There are some signs the second wave of infections is now derailing the fragile economic recovery in the United States, with weekly unemployment claims increasing for the first time in six weeks and retail sales for October slowing below expectations to 0.3% from 1.9% a month prior. JPMorgan expects the U.S. economy to contract by 1% in the first quarter 2021 because of state and local lockdowns amid the second wave of infections.

Adding to the uncertainty, Secretary of Treasury Steven Mnuchin this week requested the Federal Reserve return $455 billion in unspent COVID emergency funds, which would shut down five emergency COVID-19 relief facilities, with the move opposed by Fed Chairman Jerome Powell.

In March, Congress approved $2.2 trillion in emergency relief through the CARES Act, which included $500 billion to set up a variety of emergency lending facilities through the central bank to guarantee loans.

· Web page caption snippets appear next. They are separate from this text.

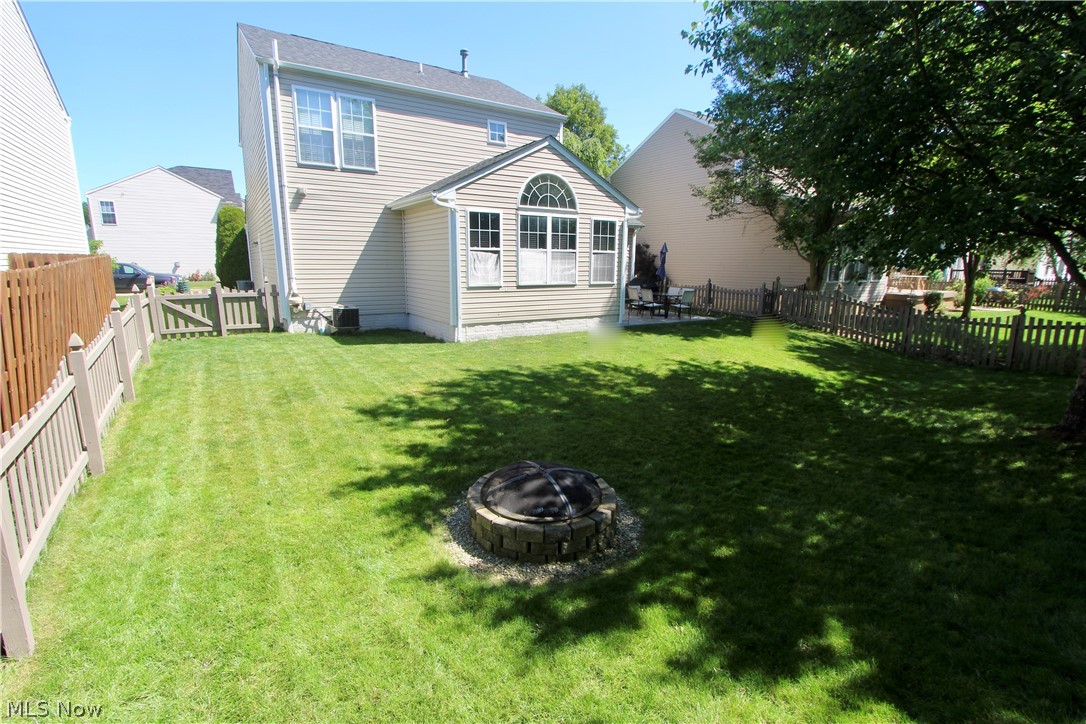 Westfield Park Sec 01 - Residential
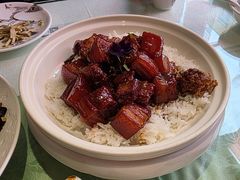 -福荣新中式餐厅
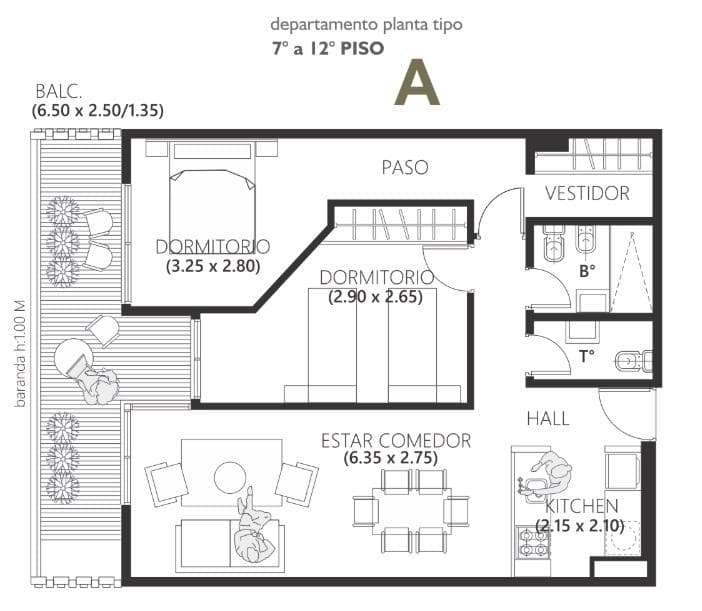 Apartments under construction: studio, 1-bedroom, and 2-bedroom units starting at $80,000, brand new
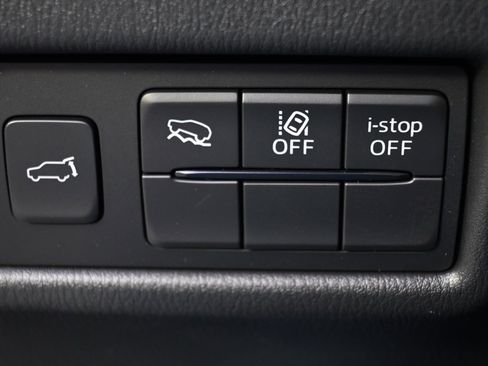 New 2025 MAZDA CX-5 AWD 2.5 S w/ Preferred Package image 24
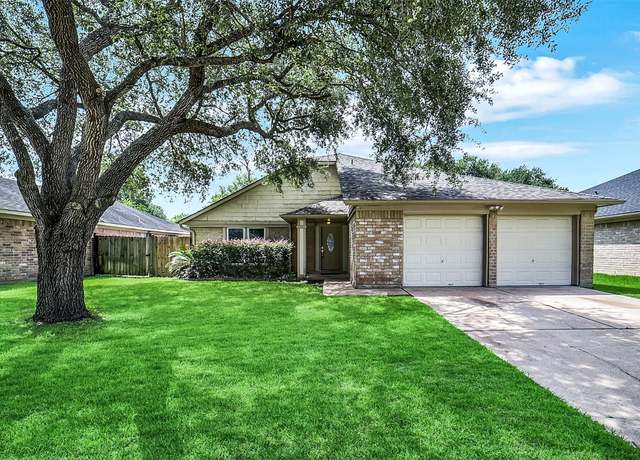Property at 1123 Comstock Springs Dr, Katy, TX 77450, 3 beds, 2 baths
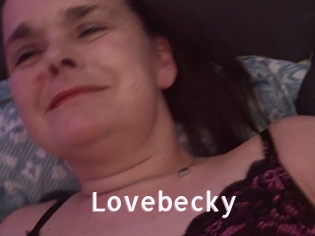 Lovebecky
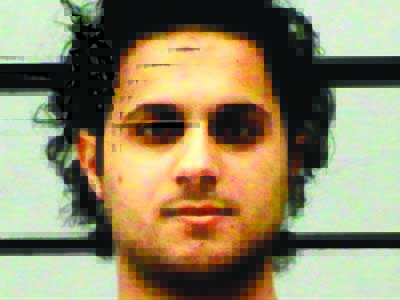 Khalid Ali-M Aldawsari was charged with attempted use of weapons of mass destruction. Photo courtesy of businessinsider.com.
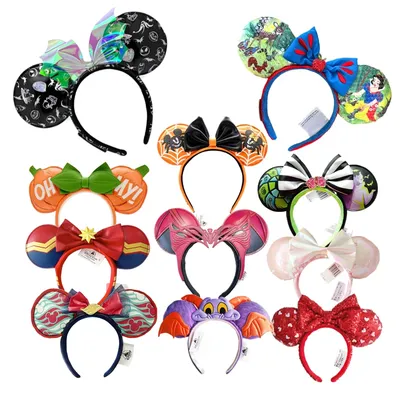 Costume+Hats+Headbands
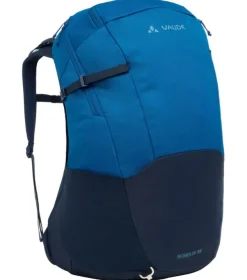 Vaude Women's Skomer Zip 22 dagtour rugzak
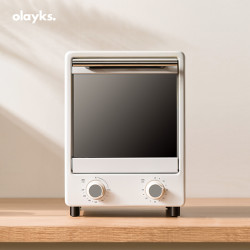 olayks 欧莱克 迷你小电烤箱12L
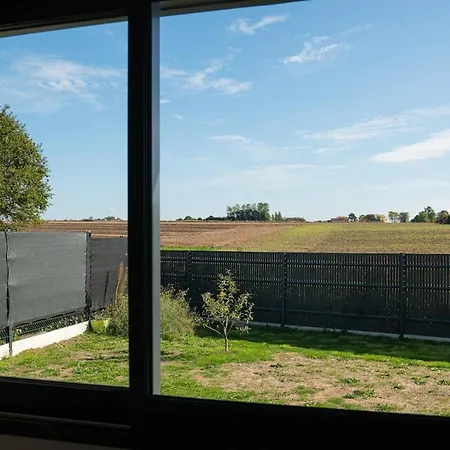 La Maison Du Bonheur - Private Heated Pool * Heuqueville (Seine-Maritime)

Senate Leader Mitch McConnell on Friday proposed unused Federal Reserve funds to be put toward a targeted coronavirus relief bill, which would include a second round of small business aid. The situation remains fluid.

NYMEX December West Texas Intermediate contract expired 41 cents higher at $42.15 per barrel (bbl), with the January contract settling at a 27-cent premium to the expired contract at $42.42 per bbl. ICE January Brent futures settled just below $45 per bbl at $44.96 per bbl, up 76 cents. NYMEX December ULSD futures firmed 1.56 cents to a fresh four-month spot high settlement at $1.2863 gallon, and December RBOB futures added 1.27 cents to settle at $1.1752 gallon.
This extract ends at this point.